What Are Living Benefits for Life Insurance?
Many people buy life insurance to financially support their loved ones after their death. But some policies allow you to get payments while you're still alive. If your policy comes with a living benefits rider or a cash value component, you may be able to tap into your policy now. Here's how it works.
What Are Living Benefits of Life Insurance?
Living benefits are features of life insurance policies that provide financial support while you're still alive. The type of payment you can receive depends on the type of life insurance you buy and the details of your specific policy.
- Policy riders: An insurance rider, also known as an endorsement, allows you to customize your policy for your specific needs. Accelerated death benefit riders allow you to receive a portion of your benefit in certain situations, like if you're diagnosed with a serious illness and need long-term care. Insurers may offer these riders on permanent or term life insurance policies.
- Cash value component: Permanent life insurance policies include a savings component called cash value, which grows over time and is separate from the death benefit. You can access the cash value through loans or withdrawals while you're alive. While it's not a living benefit, it can function like one.
Learn more: Can I Withdraw Money From My Life Insurance?
Types of Living Benefits Riders
The selection of living benefits riders may vary with each insurer, but here are the most common types:
Terminal Illness Rider
The terminal illness rider provides an accelerated death benefit if you're diagnosed with a qualifying terminal illness that significantly shortens your life expectancy. You can use the money for anything you want, whether it's for long-term medical care costs or travel expenses. Using the rider will reduce the money your loved ones receive after you die.
These riders may be automatically included on term and permanent life insurance policies. If the rider is a standard feature, it won't increase the cost of the policy.
Chronic Illness Rider
A chronic illness rider allows you to get some of your death benefits while still living if you're diagnosed with a chronic illness. Insurers typically define a chronic illness as a permanent condition that prevents you from performing basic daily living functions, such as eating and using the toilet. You can use your accelerated death benefit for anything, but tapping the policy while you're alive will reduce the payout for your loved ones after you die.

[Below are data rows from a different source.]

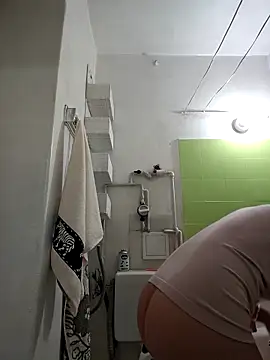 naughty69curls online show from January 14, 2026, 6:46 pm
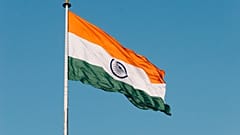 Si l'Inde est le nom le plus couramment utilisé pour désigner le pays, il est souvent appelé Bharat et Hindustan par les fonctionnaires et le public. 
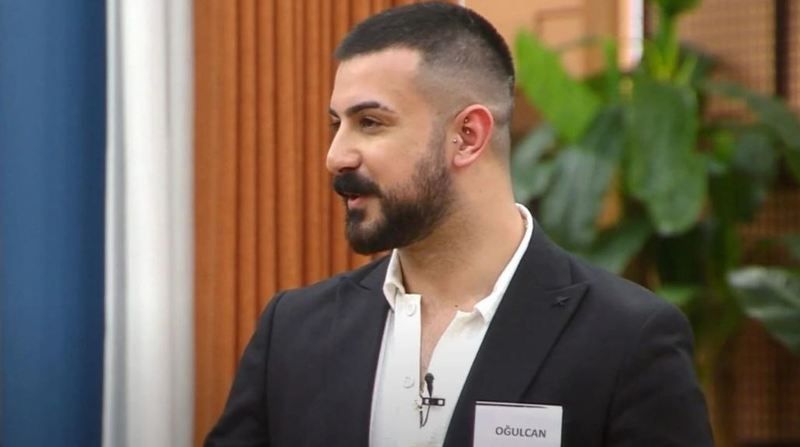 Kısmetse Olur Oğulcan Çok Fena Patladı! Sevgilisinin Arkadaşının Bikinili Karelerini Beğenmişti; Görseller Tek Tek Ortaya Çıktı! “İlik Gibi Hatun!” 2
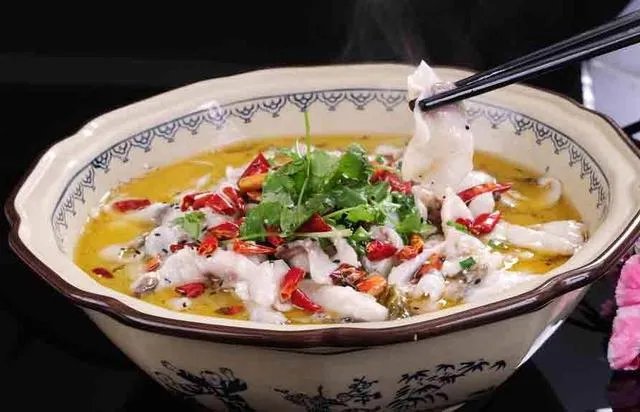 酸菜鱼到底是属于哪里的一道菜，有的说是四川，而有的说是湖南？有什么历史？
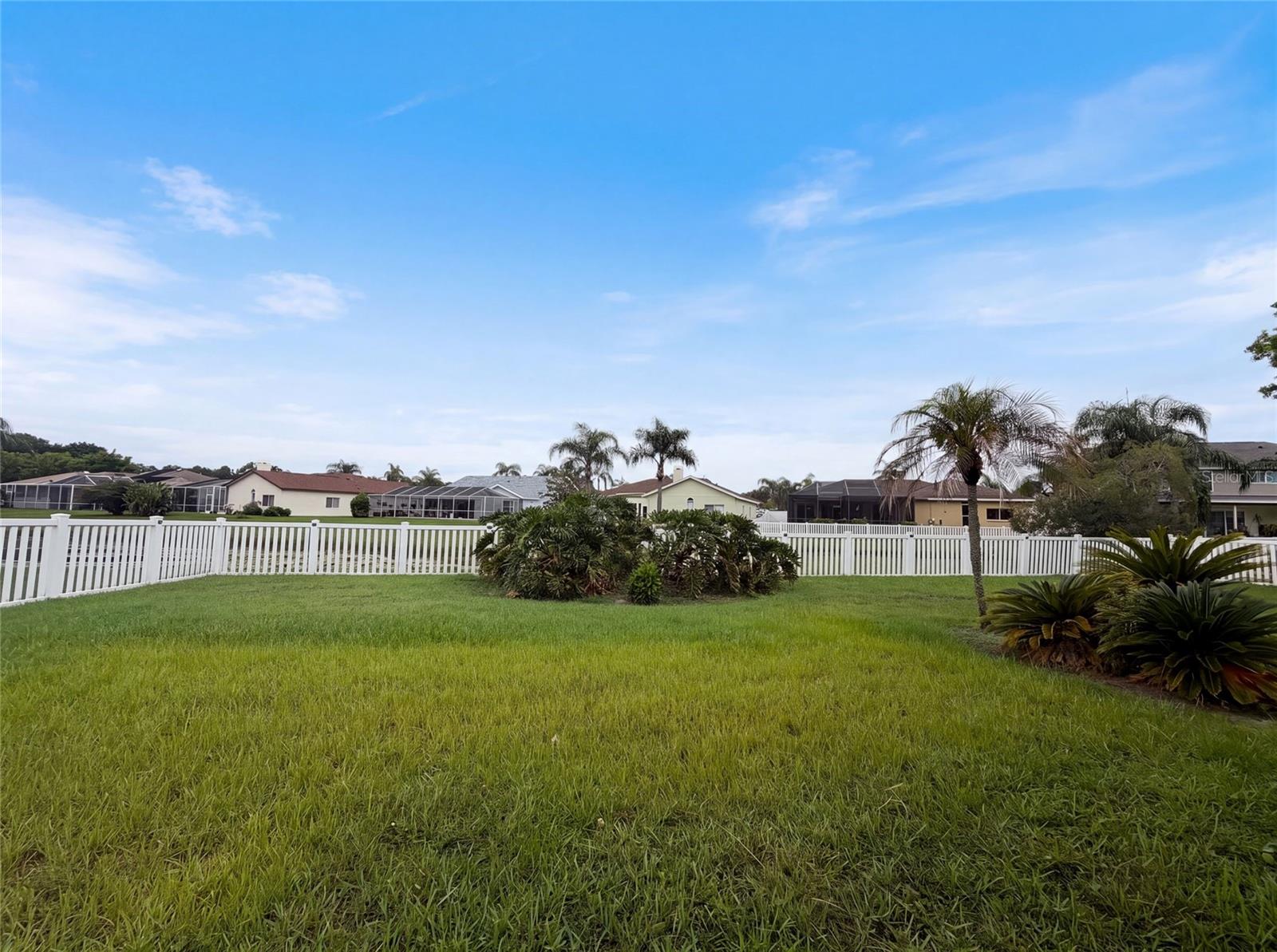 CLUBHOUSE ESTATES AT SUMMERFIE - Residential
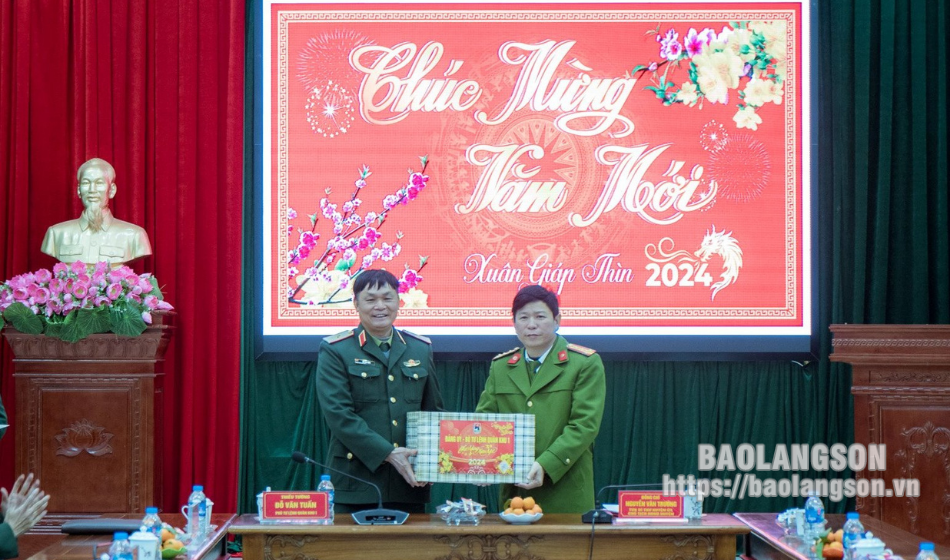 Lãnh đạo Bộ Tư lệnh Quân khu 1 thăm, tặng quà, chúc tết tại huyện Văn Lãng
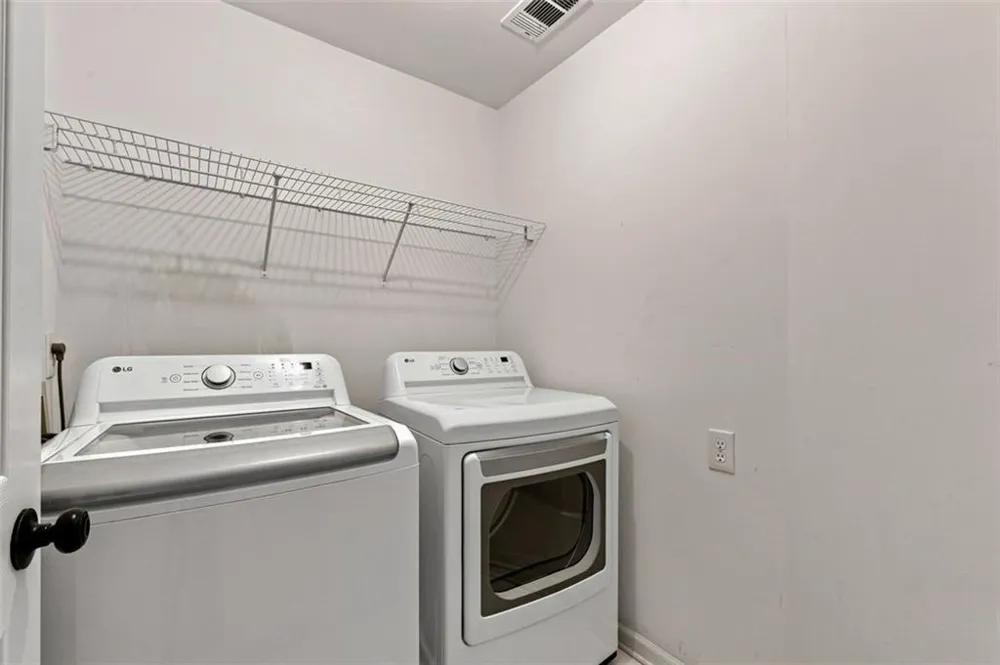 2525 Woodbrook Court Lawrenceville, GA 30043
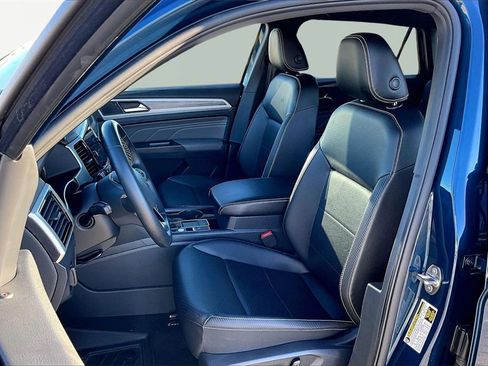 Used 2023 Volkswagen Atlas Cross Sport SE w/ Panoramic Sunroof Package image 25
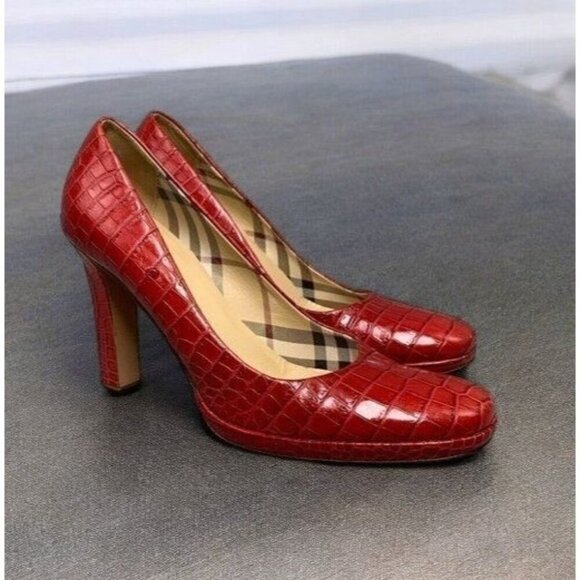 Burberry Croc Embossed Platform Pumps 4" Heel Dark Carmine Red, Size 39.5/9.5 - Picture 1 of 13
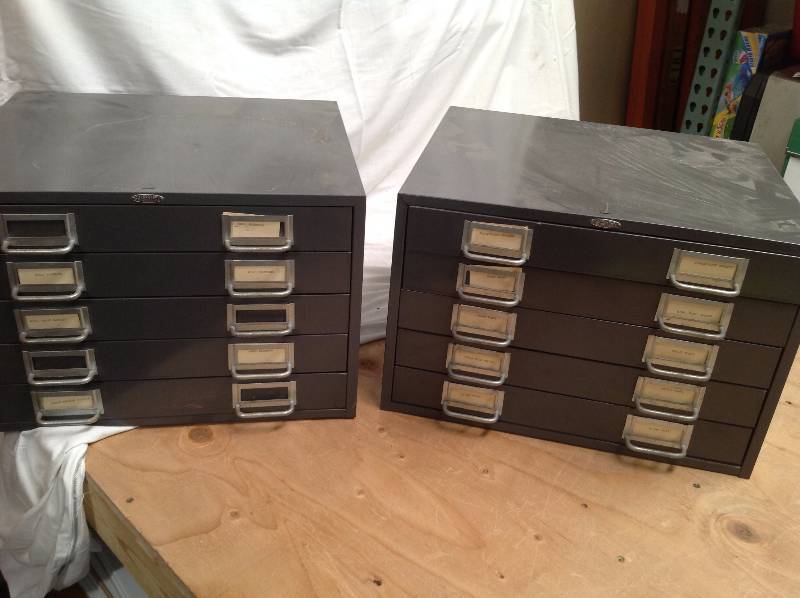 lot 24 image: Two Steel Cole Cabinets, Five Drawers each with Center Divider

These riders are sometimes included in life insurance policies at no additional cost.
Critical Illness Rider
A critical illness rider allows you to tap your death benefits while you're alive if you're diagnosed with a specified life-threatening illness or medical need. For example, you may be able to use the rider if you have a stroke, heart attack, cancer or major organ transplant. Insurers typically allow you to make up to one critical illness claim per year and per qualifying condition.
Long-Term Care Rider
A long-term care (LTC) rider accelerates your death benefit to cover long-term care costs while you're alive. You can access a set portion of your death benefit, such as 50%, and it will reduce the final payout your beneficiaries receive after your death.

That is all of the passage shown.